Memoir of a Murderer
Memoir of a Murderer (Sal-in-ja-eu ki-eok-beob)
Directed by Won Shin-yun
Starring Sul Kyung-gu, Kim Nam-gil and Kim Seol-hyun
Screening at LFF October 9th, 10th, 2017

by Richard Hamer

Byung-su is a serial killer; or at least, he used to be. 17 years after his last killing, and suffering from severe dementia, he is a haunted man, living uncertainly between his present life with daughter Eun-hee and his murderous past. When several girls Eun-hee’s age are found dead, Byung-su’s grip on his memory loosens further: Can he catch the killer before his daughter comes to harm, or is he the killer? What happens in those moments when the memory fades, and time seems to skip? Where does he go?

So runs the premise of Memoir of a Murderer, a dark Korean thriller that practically begs lazy journalists to label it as the ‘new Memento’. And in many ways, the comparison holds: The set-up certainly bears similarities, and both share – despite the seriousness of the subject matter – that comic edge that comes from a thriller where your protagonist might forget who they’re chasing halfway through a chase.

But largely, it’s its own beast: Memoir of a Murderer is a far more meandering piece, its every scene open to question. The order of events, whether some scenes, or indeed entire characters are hallucinations: Byung-su is the most unreliable of narrators, in an investigation that seems to get further from the truth the closer it gets to the finish. And this is actually the film’s chief criticism, and one that makes you appreciate anew the genius of Memento: That was a movie incredibly tidy in its storytelling, a fact that it exploited in a last-minute twist that caused you to question all that came before. Memoir of a Murderer, on the other hand, twists too much; when everything is in doubt, there is no-one for the audience to root for, no mystery to piece together. Left outside the story, the overriding feeling is that you are just watching a bunch of stuff. In its latter stages, Memoir of a Murderer even starts to drag: You become immune to its innumerable plot-twists, impossible to trick when you already assume everything is a trick.
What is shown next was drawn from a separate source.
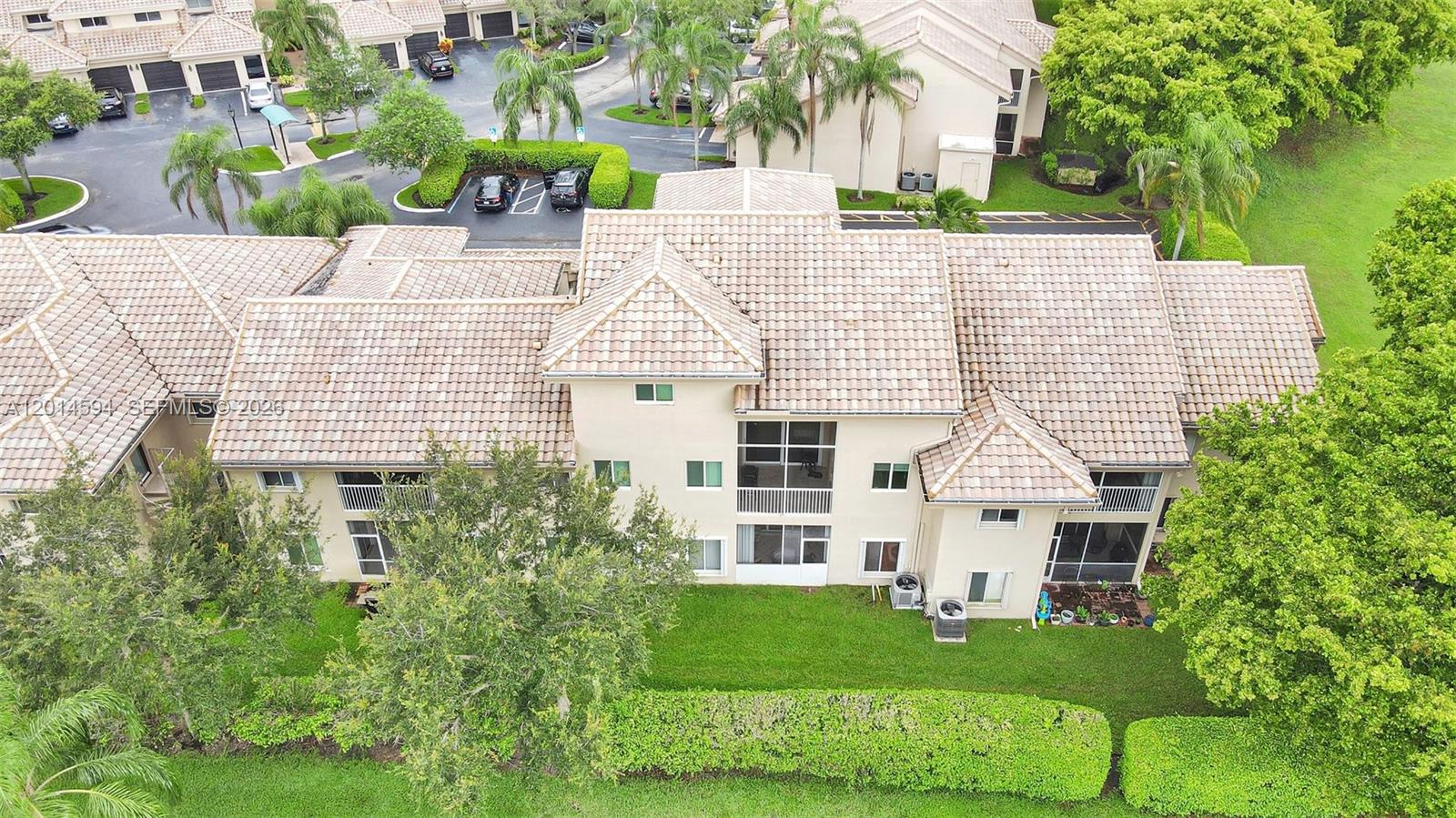 CALIFORNIA COURTS CONDO - Residential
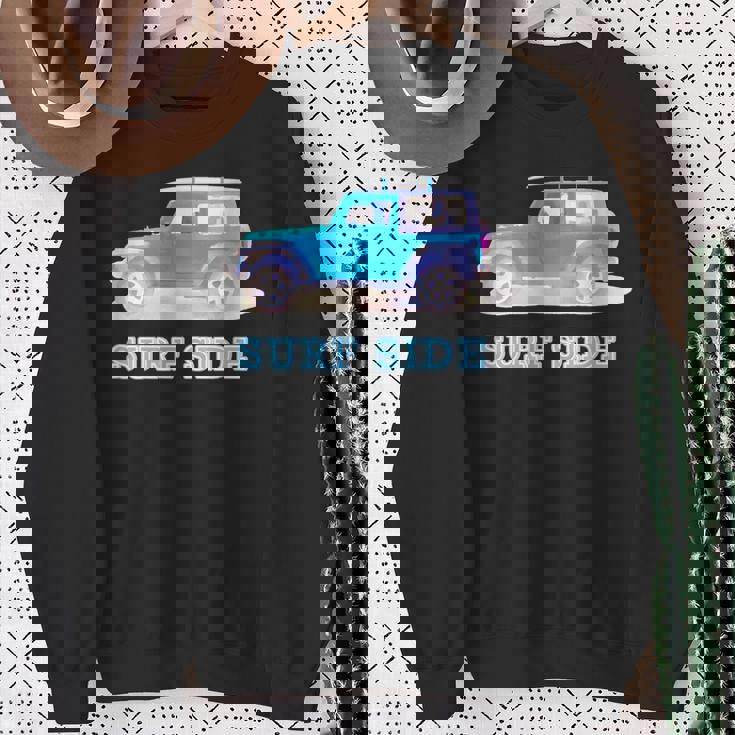 The Car On Theeaside【Surfide サーフサイド】車 サーフィン／サーファー 夏・海 スウェットシャツ 年配の女性への贈り物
There is still much to like: That impeccable sense of style and pitch-black humour you’d expect from a big-budget Korean thriller is present and correct, and all the performances – especially Kyoung-gu Sul as Byung-su – are highly watchable. Yet overall, Memoir of a Murderer is a disappointment: A well-made thriller, too in love with its own complexity. A stylish ride, but one where – ironically – you’ll struggle to remember the details.